Output the lines from the one holding "Riva di Solto 30.04.2025 10:15" to the end of the entries that follow, exactly and only those, minus any pictures.

- - - - -

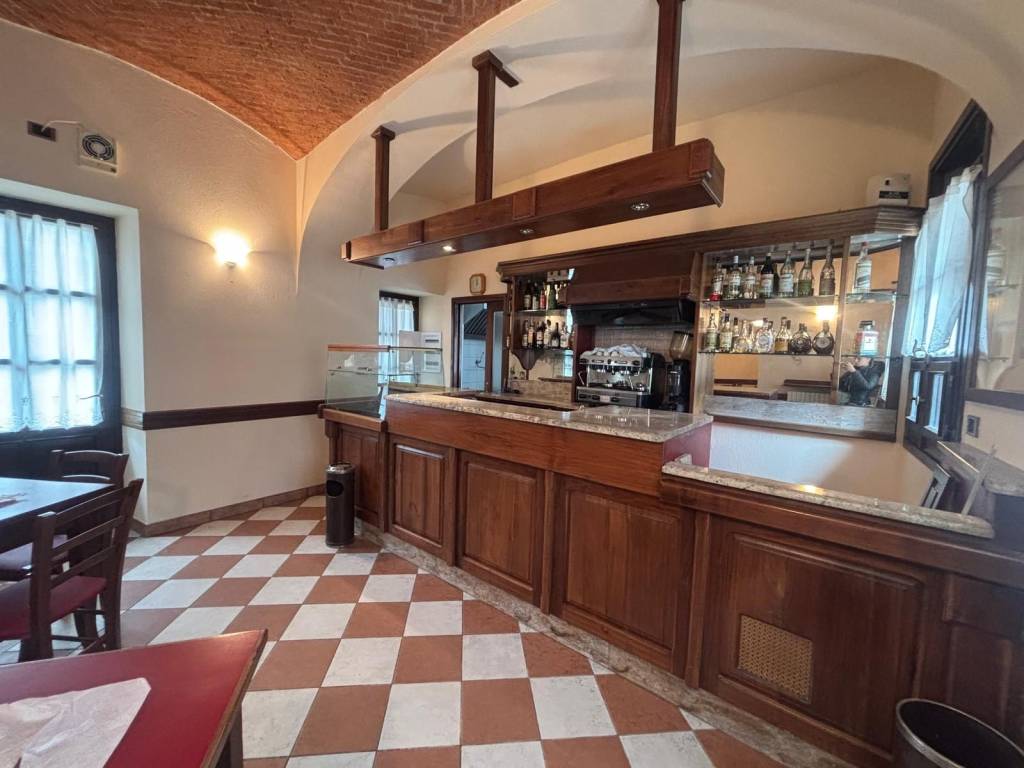 Immobile a Cervasca in Via Roma, 16 - Foto 3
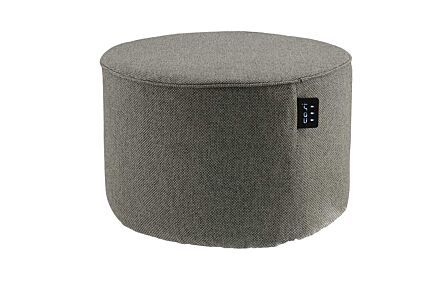 Pacific Lifestyle Cosipouf Short Round Grey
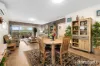 6 Muirfield Way, Medowie, NSW 2318-Image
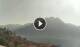Riva di Solto 30.04.2025 10:15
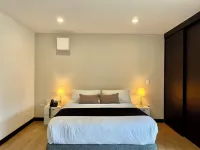 Hotel Rioverde – Aeropuerto Internacional MED Hotels in Rionegro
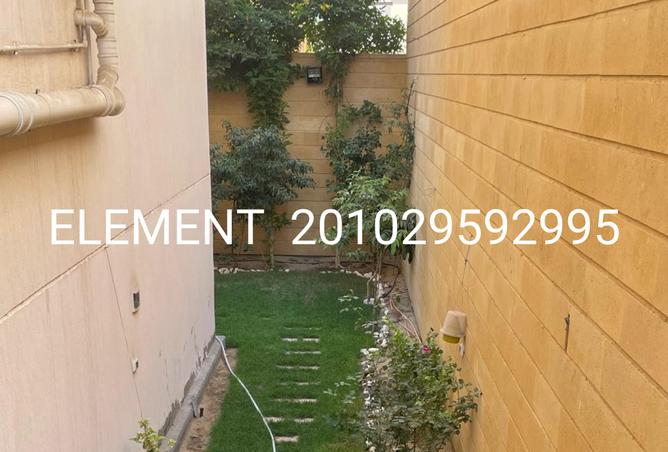 7950210 - صورة العقار 3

- - - - -

- _Exercise response_:
Riva di Solto 30.04.2025 10:15
 Hotel Rioverde – Aeropuerto Internacional MED Hotels in Rionegro
 7950210 - صورة العقار 3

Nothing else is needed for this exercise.